I had new employee orientation at the YMCA today. I showed up with a hangover, a black eye, scratches down my arm, and a sore throat from puking gin and keystone.
Dude how the fuck are we gonna get the lawnmower outta the pool?
Just put your hair in a bun. We're going out to drink, not to impress people.
Dude I've kinda accepted I may leave Nola with the clap.
He's a little cute, in a dorky, I-know-for-a-fact-his-cock-is-huge kind of way
Bad news? she threw her drink in his face, left her phone at the club, and disappeared. I found her laying in bed with the bottle she stole from our VIP service. Good news is she's asleep and I have the bottle, come home
What happened with the girl wasn't a gay thing. It was just a mutual respect and want for sex. The guys just weren't there.
Call it what you want. You fucked a girl.
PS my house is a mess.
pps I have a rash on my face.
It must suffice lest there secretly exist a picture of me walking out of the ocean at midnight naked and half mast with a sea urchin on my ass
you look like you're about to get down on your knees and give america the business.

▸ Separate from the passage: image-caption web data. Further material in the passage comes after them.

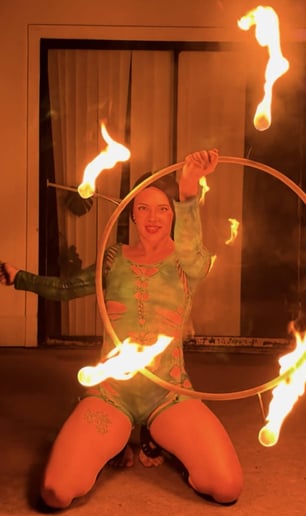 Gallery photo 6 of Darya Devotion Fire, Aerials and LED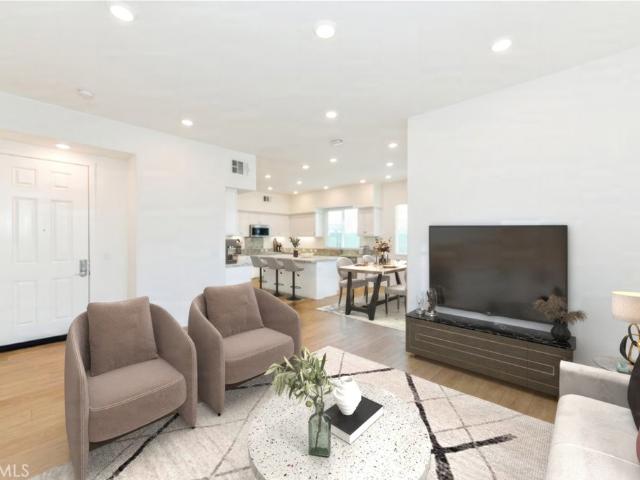 Condo for sale in Anaheim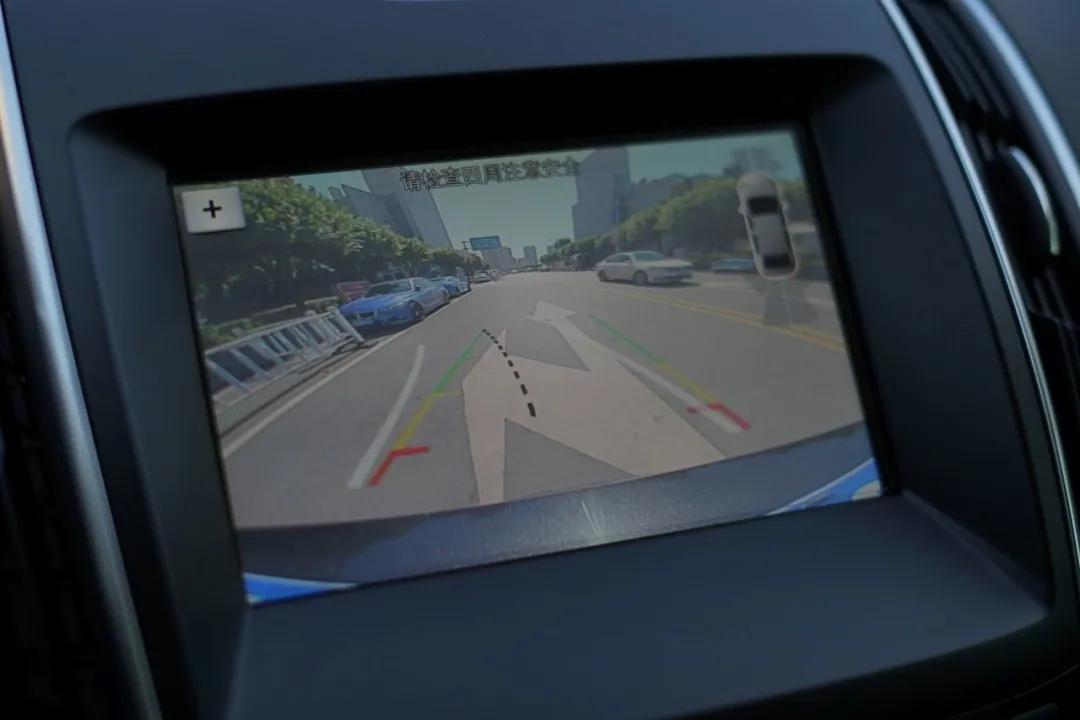 负重前行的路上也要心存美好,负重前行方能完成使命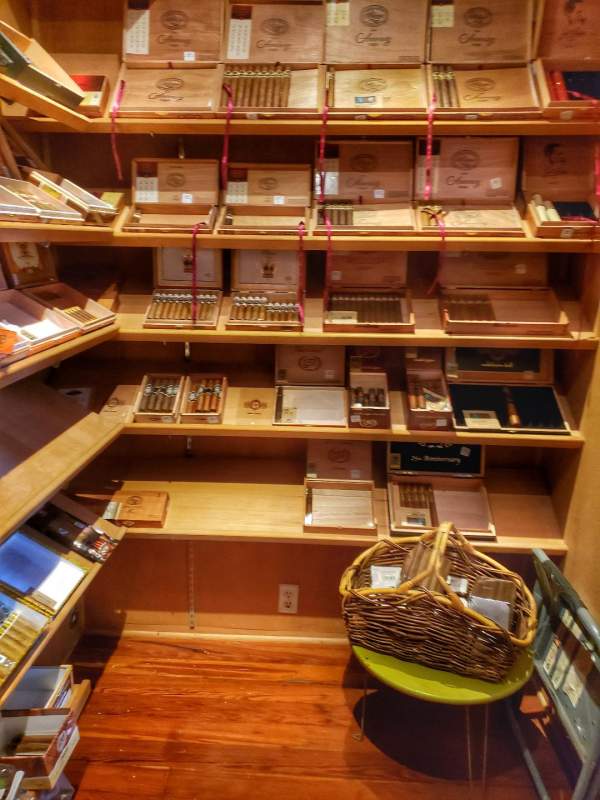 Isabela's Bar Cuba walk in humidor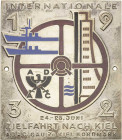 Auto- und Motorradmedaillen und -plaketten
Kiel Einseitige, versilberte und teilemaillierte Bronzeplakette 1932 (G. Brehmer) Internationale Zielfahrt...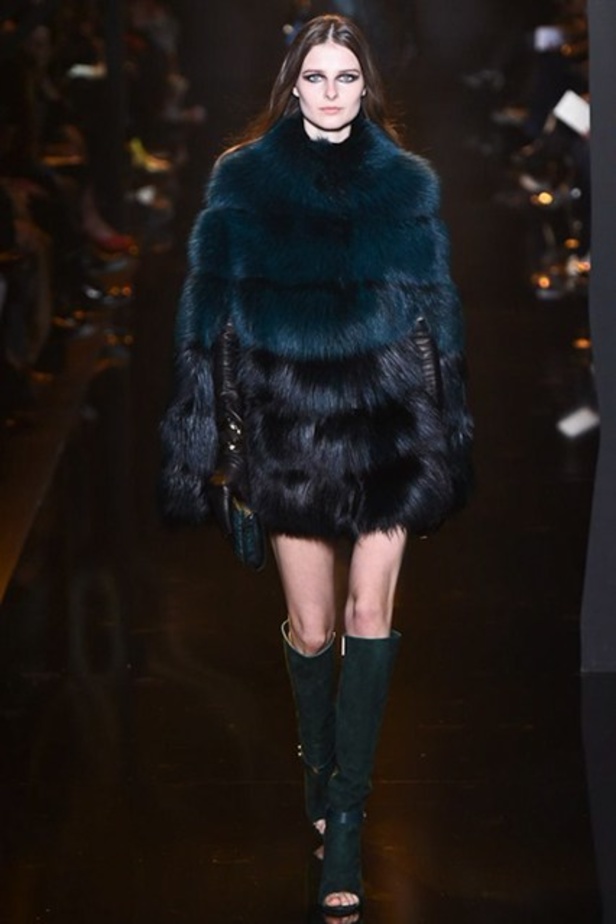 عرض Elie Saab لسيدة واثقة وحالمة!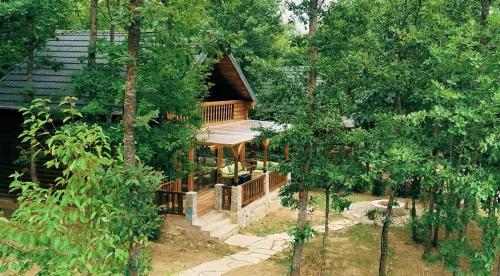 a log cabin in the middle of the trees at Villa n'Mal in Orllan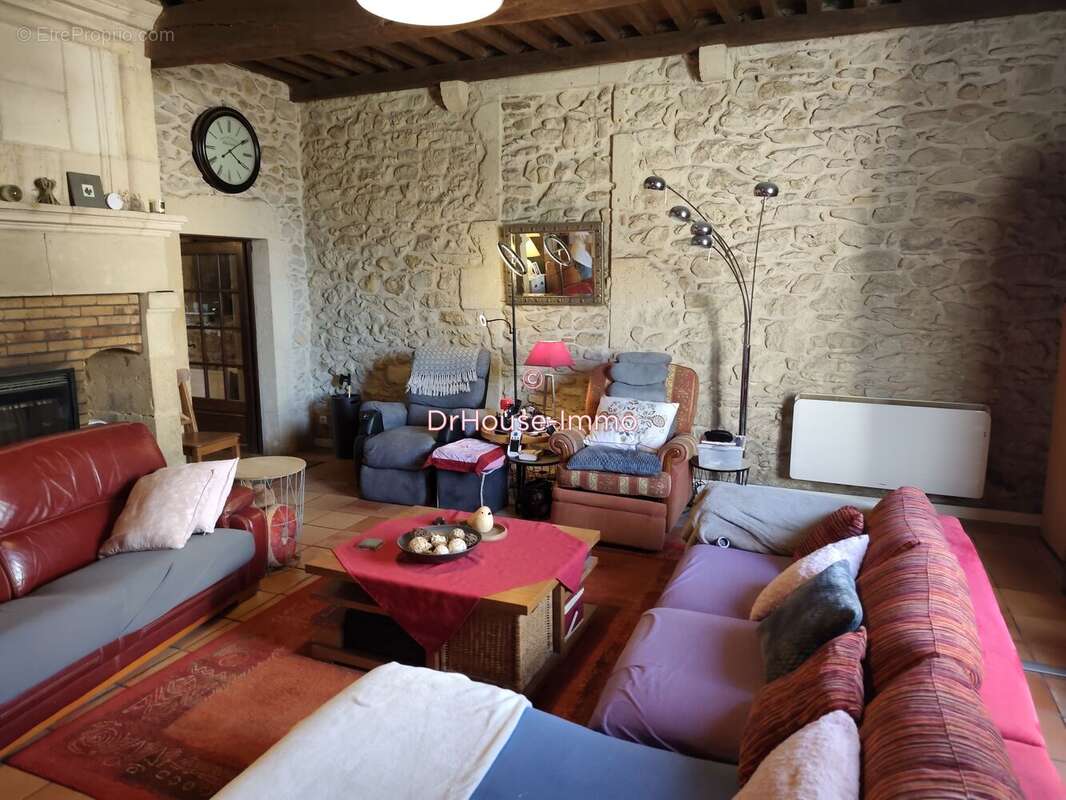 Maison 196 m² à Loupiac-De-La-Reole  - photo 23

My little brother found me on Instagram. If I'm not already the shame of my family, I'm about to be.
honestly dont worry about it, its not the first time ive injured myself on a potted cactus during sexual relations with a woman
he won't tell me his last name, but I know his garage key code
Not sure when or why this happened but I just stopped giving a shit about everything
we were clicking our heels together saying theres no place like home, while the cops were tellin us to call our parents and tell them what happened.